*Brief descriptive captions*
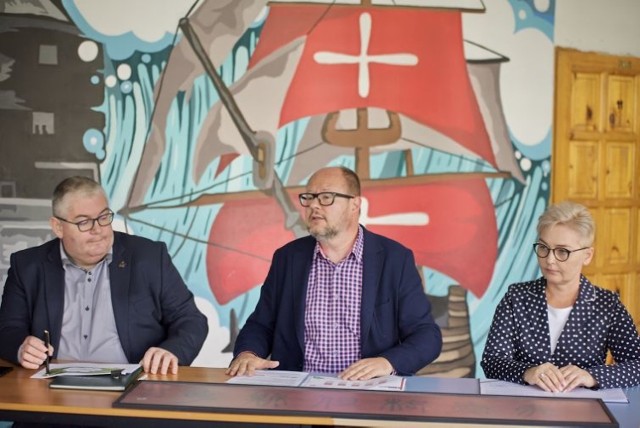 Prezydent Paweł Adamowicz (w środku) i wiceprezydent Piotr Kowalczuk podczas konferencji w SP nr 76 opowiadali o nowościach w gdańskiej oświacie, m.n. o nowej klasie, w której dzieci będą się uczyły języka mandaryńskiego. Na zdjęciu również dyrektor SP nr 76 Iwona Makurat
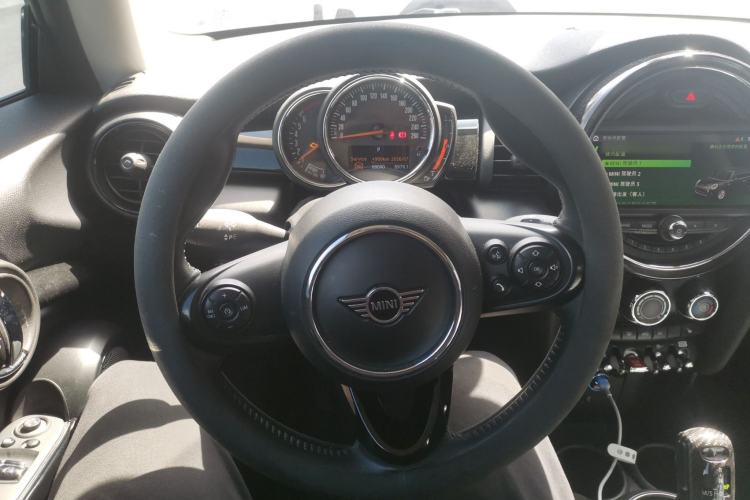 Used MINI 2018 1.5T COOPER Classic Edition
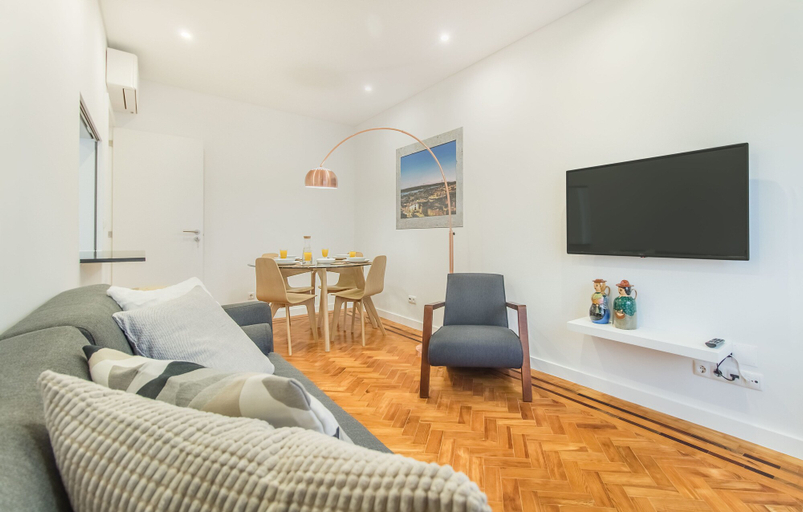 Others 5, Marques de Pombal Metropolitan Flat, Lisbon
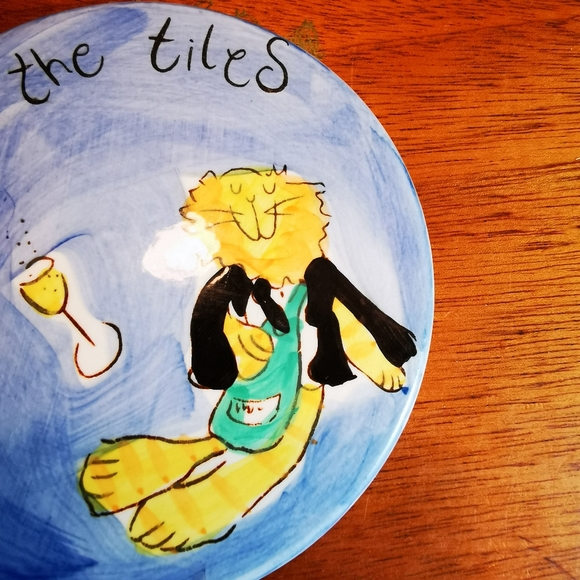 Beth for Whittard of Chelsea Hand-painted Stoneware Coaster Cats Out On The Tile - Picture 4 of 13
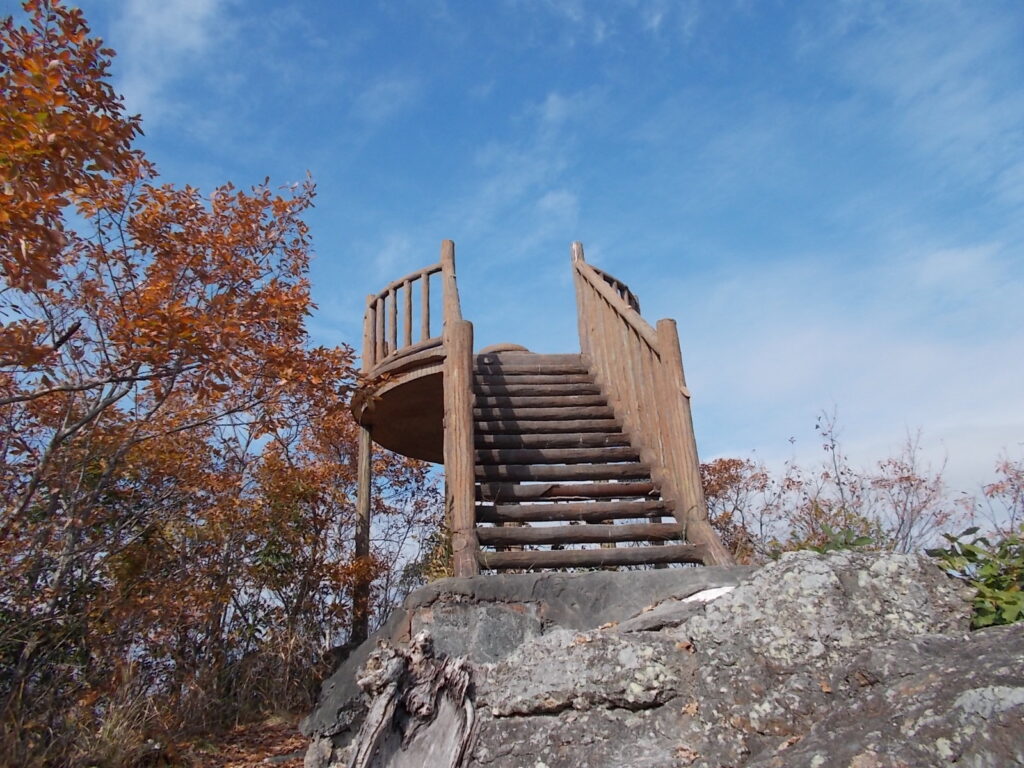 11:06 展望台です。これから下山します。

*TASK TO CARRY OUT*
Pictures don't belong in the copy. Retype exactly the lines from the one with "Used MINI 2018 1.5T COOPER Classic Edition" through the last line of the records.

*SOLVED PROBLEM*
 Used MINI 2018 1.5T COOPER Classic Edition
 Others 5, Marques de Pombal Metropolitan Flat, Lisbon
 Beth for Whittard of Chelsea Hand-painted Stoneware Coaster Cats Out On The Tile - Picture 4 of 13
 11:06 展望台です。これから下山します。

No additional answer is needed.